▶ **WORK TASK**:
With pictures left out, output exactly the lines from the line holding "Sada nádobí Sea" through the end of the data, both included.
·····
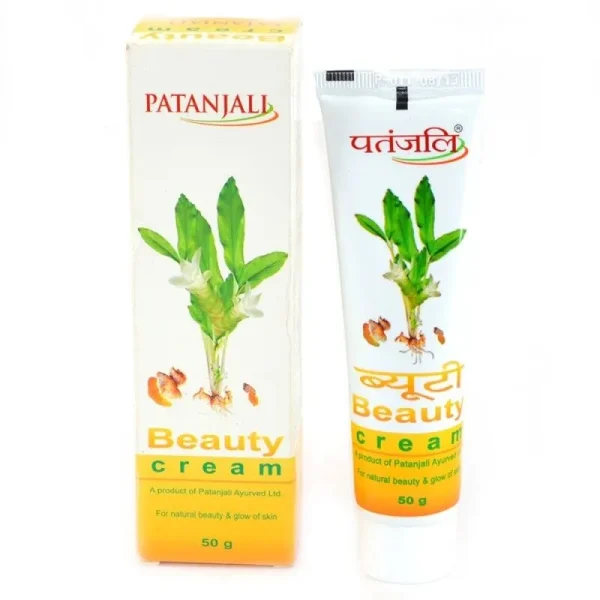 Patanjali Beauty Cream 50 gm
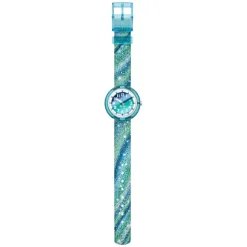 FLIK FLAK Frozen Rainbow 31.85mm Quartz Kids Watch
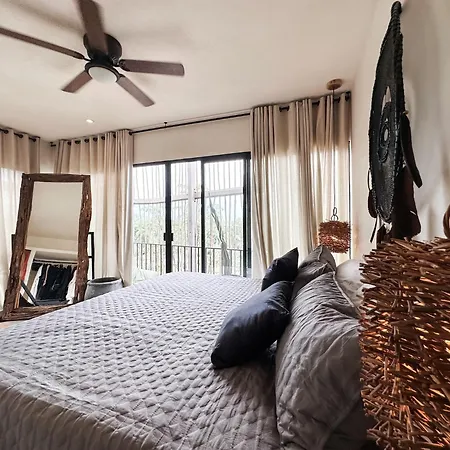 Apartment Vida Jungle Boho 14 With Special Fee To Access Bardo Tulum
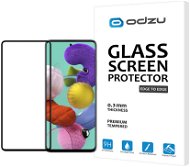Odzu Glass Screen Protector E2E Samsung Galaxy A51 - Schutzglas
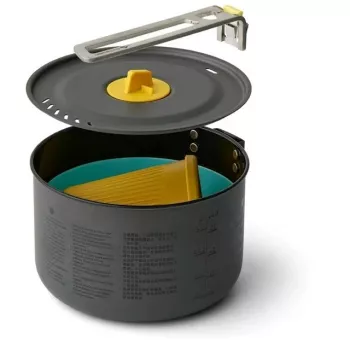 Sada nádobí Sea to Summit Frontier UL One Pot 1,3 L
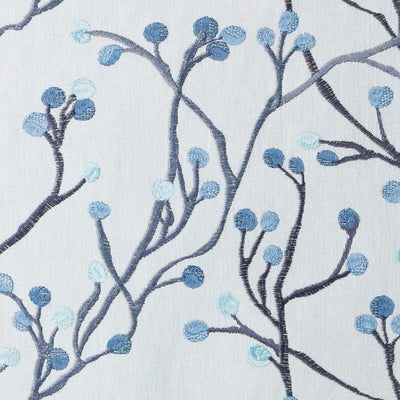 Duralee Fabrics -DA61577 | 422-BLUEJAY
·····
▶ **TASK OUTPUT**:
 Sada nádobí Sea to Summit Frontier UL One Pot 1,3 L
 Duralee Fabrics -DA61577 | 422-BLUEJAY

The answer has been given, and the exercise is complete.